Setting it at night is boring (see above comment about Hoytema's cinematography). The 'intimacy' of the confrontation is boring without sparkling dialogue or proper tension.
It's structured in a stuttered fashion. Bond and MI6 pals are on the move - then they're stopped. Bond moves through the MI6 building - then stops. Bond races to find Madeleine and escape - then the scene stops while MI6 pals look on. Bond pursues the helicopter on a boat - then stops on the bridge.
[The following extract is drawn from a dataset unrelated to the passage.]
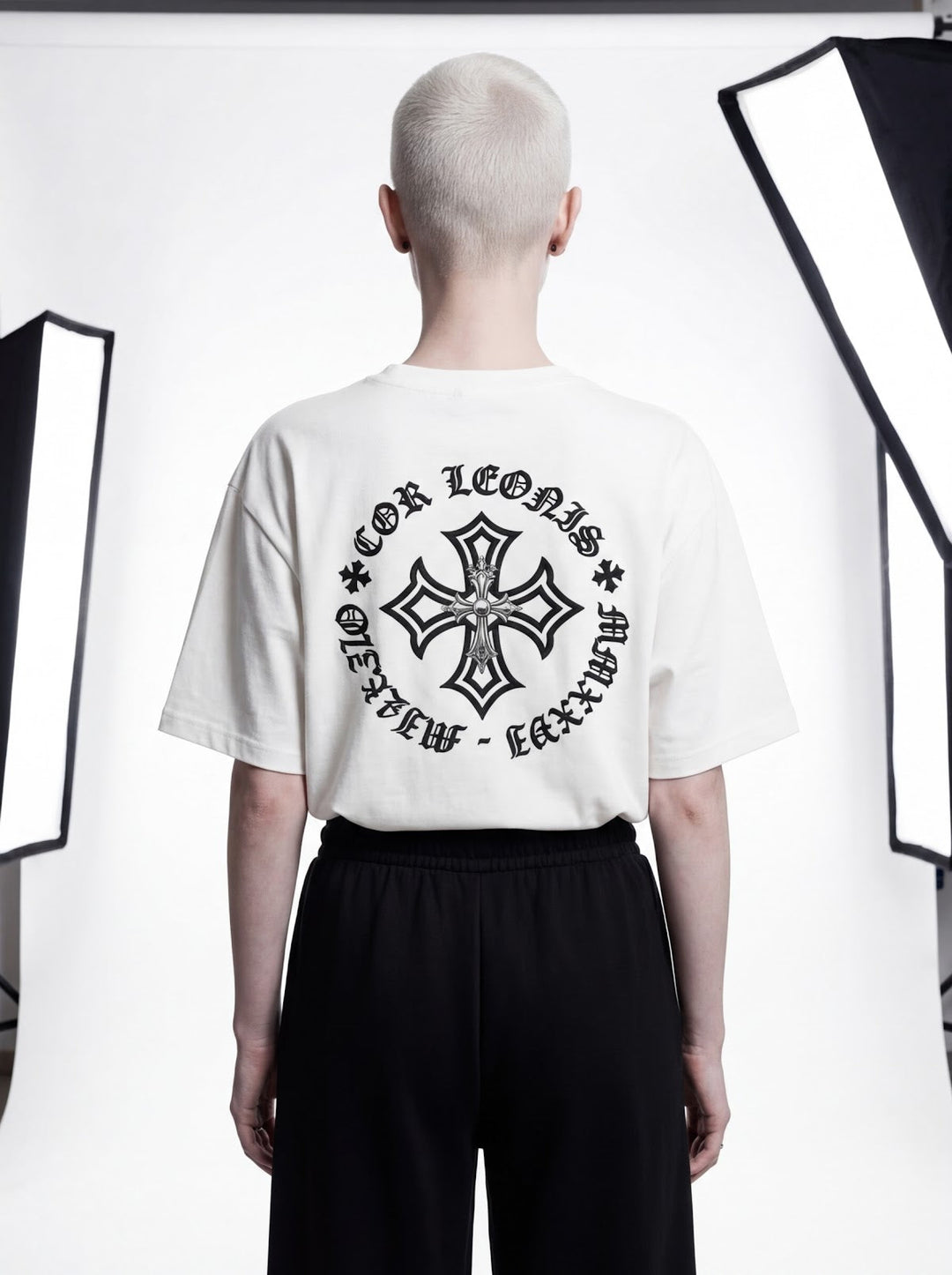 Outlaw Circle Back Tee - White - Half Back — Cor Leonis SS26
Mendes even manages to fudge the tension of the classic bomb countdown! There is no suspense there. We needed to see Madeleine tied up before Bond did; we needed to know there was real danger. Cutting away to the MI6 crew doesn't help (see above comment about Denbigh scenes and momentum).
- There's a similar problem with the other action scenes. Bond's phone call to Moneypenny during the Rome chase, and cutting away to Q on his laptop after Hinx has kidnapped Madeleine - Mendes is telling us that these things are more important than the danger our heroes are in! It's a huge blunder in an action movie.
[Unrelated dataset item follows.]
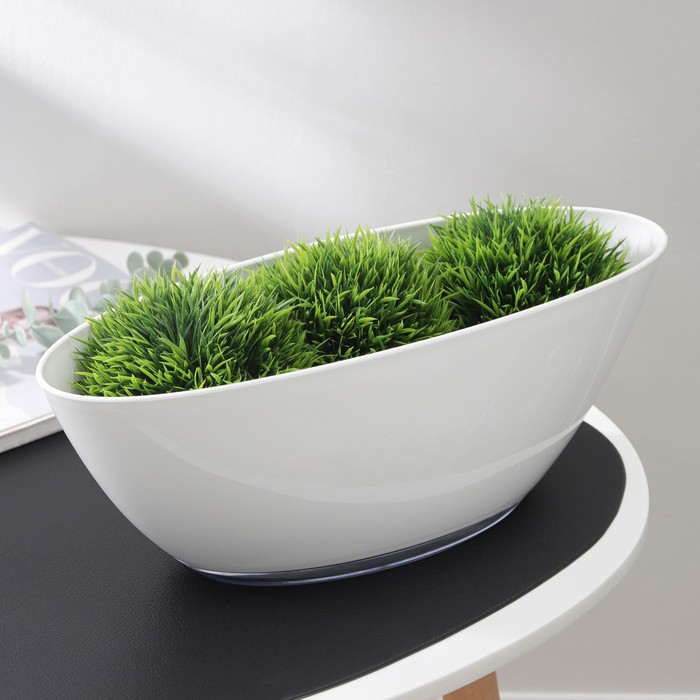 Горшок с поддоном &laquo;Лодочка&raquo;, 3 л, цвет белый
And Bond's escape from Blofeld's lair is far too easy. What a waste of Cinema's Biggest Explosion: it's essentially a punchline.
- The entire Rome chase is tonally off. It's too light-hearted to have tension, and sits uncomfortably next to the sinister Spectre meeting. On third viewing, it seems painfully uncharacteristic of Craig's Bond as well. It recalls Dalton's visible discomfort with the awkward comedy of TLD.
THE NEUTRAL STUFF
- The Writing's On The Wall. I don't hate it. It's third in my ranking of Craig Bond songs, but leagues ahead of Another Way To Die.
- The torture scene. I like it. But I don't love it.
- The Blofeld reveal. I think it's nicely handled. But it's unnecessary, as I've said above.
Summary:
Even with the problems I listed above, I genuinely enjoy SP for the first 100 minutes. Then I quite like it for the duration of the sequence in Blofeld's lair.
The problem is this all goes nowhere. The last act is the biggest anticlimax and the most boring finale in any Bond film, ever. Prior to this, the entire film has been building up to... the most obvious 'revelations' in any film of recent memory.
Please, Mr Craig, make one more. Make a proper, honest-to-God thriller. Send yourself off in style - with firm bang, not a whimper.
EON, hire a good thriller director. Not a drama auteur who has to prove he's clever.
And please, bring back Waltz as Blofeld. Otherwise you'll have wasted him. This story needs finishing.
SPECTRE: 3 out of 5
Edited by RMc2, 29 February 2016 - 12:25 AM.